The simple features standard has the following limitations:

shapes are represented as paths so only planar polygonal shapes are possible
the standard allows for XY[Z[M]] geometry,but this is not extensible - there is no capacity to store data against component geometry elements
there is no capacity for internal topology (no vertex-, edge-, or path-sharing).

These limitations mean that it cannot represent in-full every-day objects from GPS, rgl, ggplot2/ggvis, spatstat, maps, TopoJSON, CAD drawings, or from 3D or general model structures. Translations between geo-spatial forms and the graphics and data grammars can be disjointed and sometimes awkward, relying on localized implementations that are lossy or inefficient, require 3rd party workflows, or involve unnecessary tasks.

Simple features is rightly seen as a corner-stone resource, but as a central basis for translations it is only able to handle a subset of the wider remit of “spatial data” in R. Topology in the form of component-element sharing (indexing of vertex, edge, arc, path) is not available to simple features, and while there are tools to generate it for certain planar cases, these are not explicitly available outside provided workflows and this information is not generally available for extensible uses.

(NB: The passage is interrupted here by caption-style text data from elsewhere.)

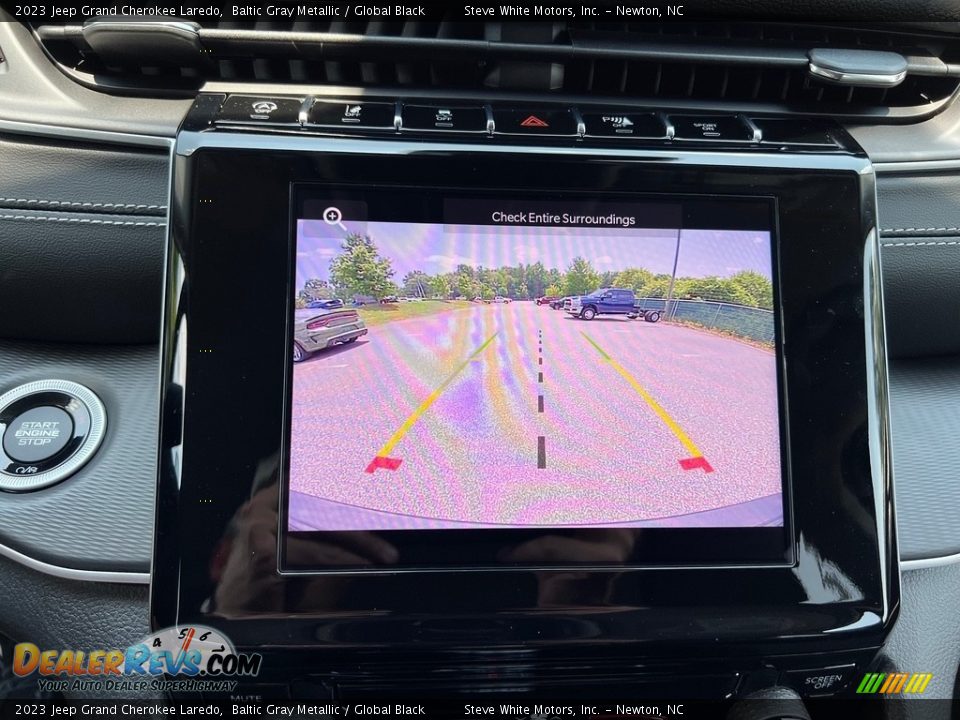 Controls of 2023 Jeep Grand Cherokee Laredo Photo #21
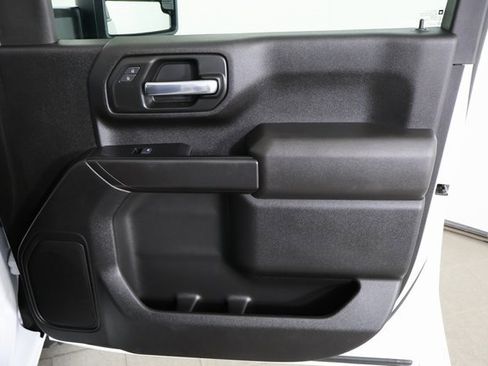 Used 2025 GMC Sierra 2500 Pro w/ Convenience Package image 13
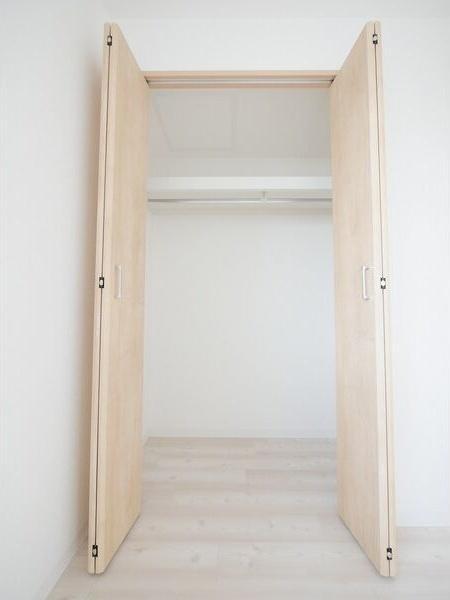 札幌市白石区菊水七条1丁目のマンション(収納)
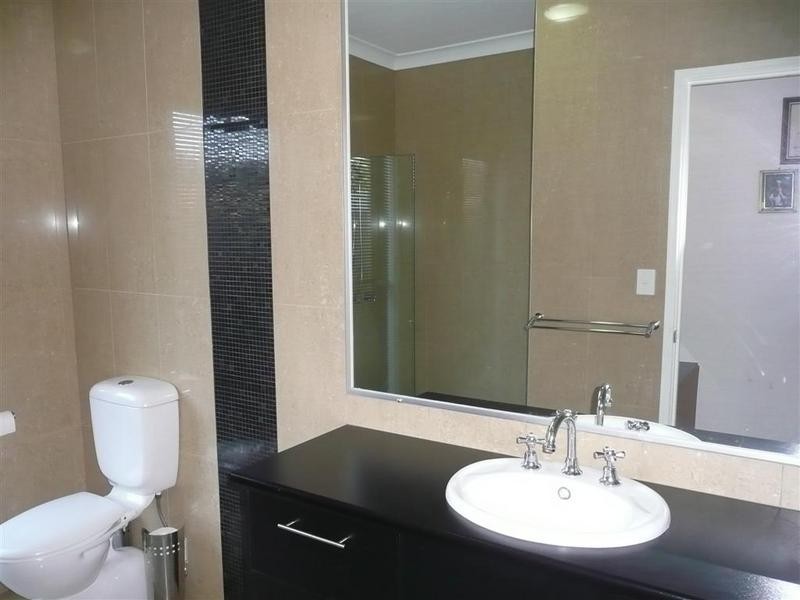 3 Sapphire Court, Beerwah QLD 4519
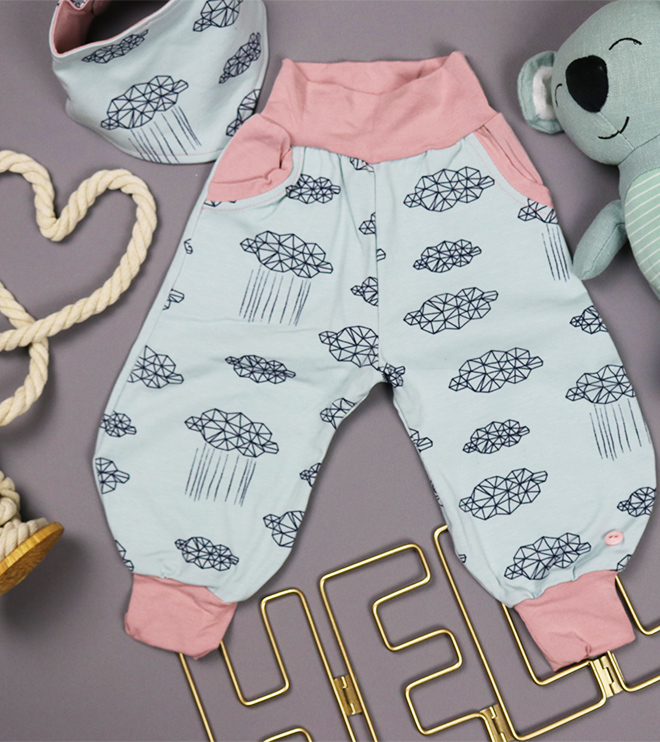 Babyset Wolkenhose mit Tuch für Mädchen - Gr. 62. JanaKnöpfchen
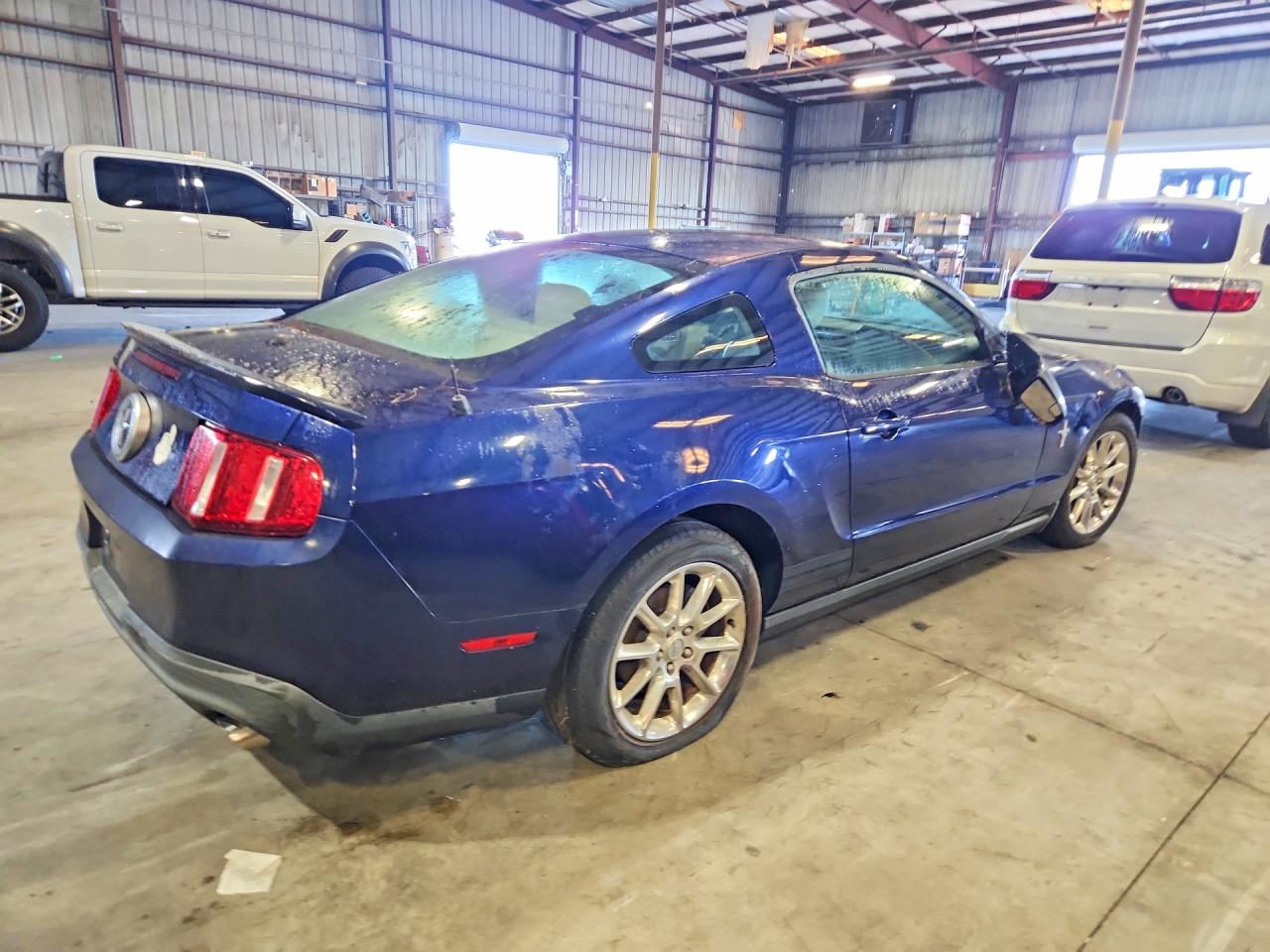 2011 Ford Mustang Синий vin: 1ZVBP8AM1B5149248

Translation patterns that use simple features to translate data from native formats result in loss of information requiring complicated workarounds to preserve it. Common translations include in-memory structural representations, serialized forms within file formats, coordinate system geometry transformations, and topological or shape-modifying transformations.

Illustration

This code generates a simple data set with the following properties:

a data set of 2 POLYGONs
the first polygon has one hole and one “concavity” (a three-vertex section of the path that differentiates the island from its convex hull)
the second polygon is a single, convex island, and shares one edge with the first polygon

## two POLYGONs, composed of three rings p1+p2 and p3
p1 <- cbind(x = c(0, 0, 0.75, 1,   0.5, 0.8, 0.69, 0), 
            y = c(0, 1, 1,    0.8, 0.7, 0.6, 0,    0))
p2 <- cbind(x = c(0.2, 0.2, 0.3, 0.5, 0.5, 0.2), 
            y = c(0.2, 0.4, 0.6, 0.4, 0.2, 0.2))
p3 <- cbind(x = c(0.69, 0.8, 1.1, 1.23, 0.69), 
            y = c(0, 0.6, 0.63, 0.3, 0))
library(sf)
g <- data.frame(two_polygons = 1:2)
g[["geometry"]] <- st_sfc(st_polygon(list(p1, p2[nrow(p2):1, ])), st_polygon(list(p3)))
g <- st_as_sf(g)

## Delaunay triangulation of the polygon vertices, grouped by feature
gt <- g
st_geometry(gt)  <- st_triangulate(st_geometry(g))

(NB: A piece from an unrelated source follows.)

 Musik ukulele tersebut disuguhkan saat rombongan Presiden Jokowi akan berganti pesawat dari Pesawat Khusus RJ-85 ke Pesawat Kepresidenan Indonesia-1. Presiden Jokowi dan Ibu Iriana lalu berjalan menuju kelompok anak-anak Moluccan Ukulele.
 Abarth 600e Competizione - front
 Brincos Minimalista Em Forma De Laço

op <- par(mfrow = c(1, 2))
plot(g)
plot(gt, col = scales::alpha(c("dodgerblue", "firebrick"), 0.3), main = "convex triangulation")
plot(st_geometry(g), add = TRUE, lwd = 4)

par(op)

There is no capacity in the simple features standard to describe this situation in topological terms. The representation of these objects is always fully expanded, all instances of the vertices are stored explicitly with no record of duplications that close the rings within a polygon , or that represent shared coordinates between the two polygons. The relationship between the polygon island and its hole is unambiguous, but there is no identity of the hole or what it represents. There is no capacity to distinguish it from other parts of the polygon, and this is true of ever more complex objects with multiple islands, multiple holes, multiple connected lines and line segments.

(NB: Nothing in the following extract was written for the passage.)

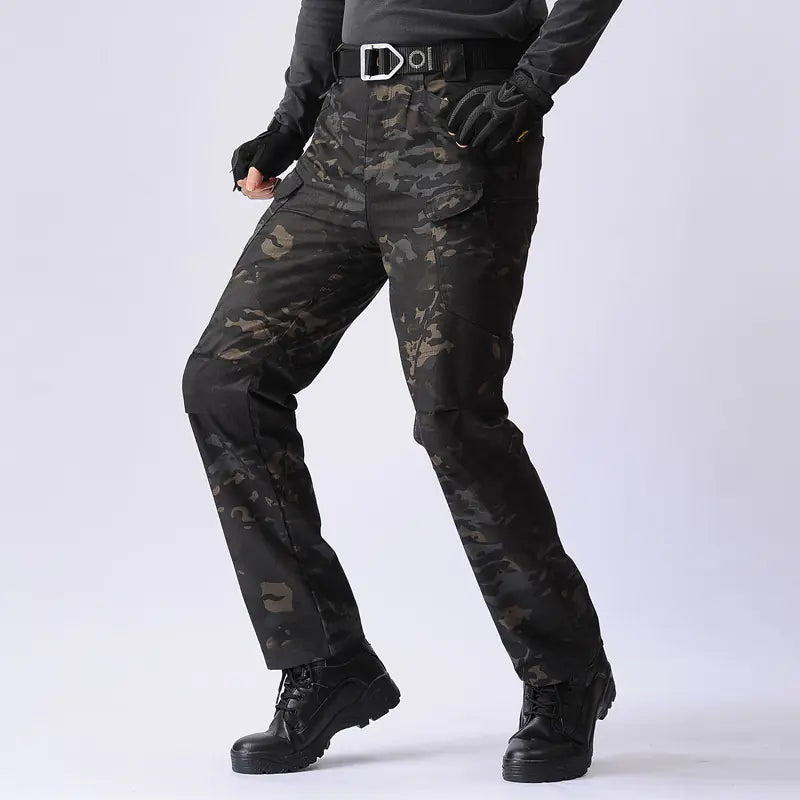 Men's Tactical Camouflage Pants for Outdoor Activities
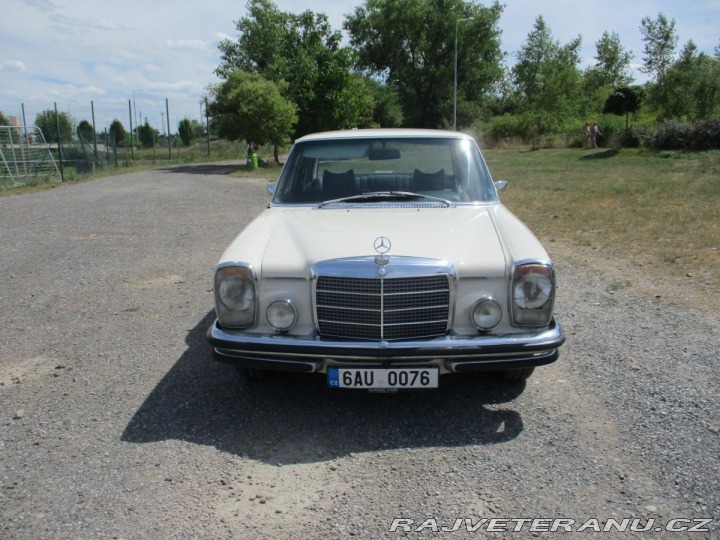 Mercedes-Benz 280 W114 1972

Similarly in a MULTIPOINT there is no identity or grouping to each component vertex within the whole, and a single vertex has no information stored with it other than its position in an array and its raw geometric properties.

In the second panel is a Delaunay triangulation of the coordinates, grouped by feature. The triangles do not align with the polygon edges, because the triangle edges were not included in the triangulation algorithm. There is also an inserted overlap between the polygons, which makes this data set invalid for many standard GIS constructs. This is not a criticism of st_triangulate though, because even when we perform a constrained triangulation (Cheng et al., 2012), the simple features standard dictates that we store these all in TRIANGLE form, each a ring of four explicit coordinates within a GEOMETRYCOLLECTION. This can store the non-convex form of the triangulation, but only in fully expanded form - i.e. as a mesh with no indexing (http://postgis.net/docs/ST_GeometryN.html).

We can detect these properties using the in-built tools and return the exact relationship in object form. These tools internally build topological structure and then discard it.

## yes the first touches the second, and vice versa
sf::st_touches(g)

## [[1]]
## [1] 2
## 
## [[2]]
## [1] 1

## each only covers itself, not the other
sf::st_covered_by(g)

## [[1]]
## [1] 1
## 
## [[2]]
## [1] 2

sf::st_crosses(g)

## [[1]]
## integer(0)
## 
## [[2]]
## integer(0)

sf::st_intersects(g)

## [[1]]
## [1] 1 2
## 
## [[2]]
## [1] 1 2

i <- sf::st_intersection(g[1, ], g[2, ])

## Warning: attribute variables are assumed to be spatially constant
## throughout all geometries

plot(st_geometry(g))
plot(st_geometry(i), add = TRUE, lwd = 3, col = "dodgerblue")

op <- par(xpd = NA)
plot(st_geometry(st_cast(i, "MULTIPOINT")), add = TRUE, col = "firebrick",cex = 4)

par(op)

We got what we wanted, but how can we put this information back into the original object?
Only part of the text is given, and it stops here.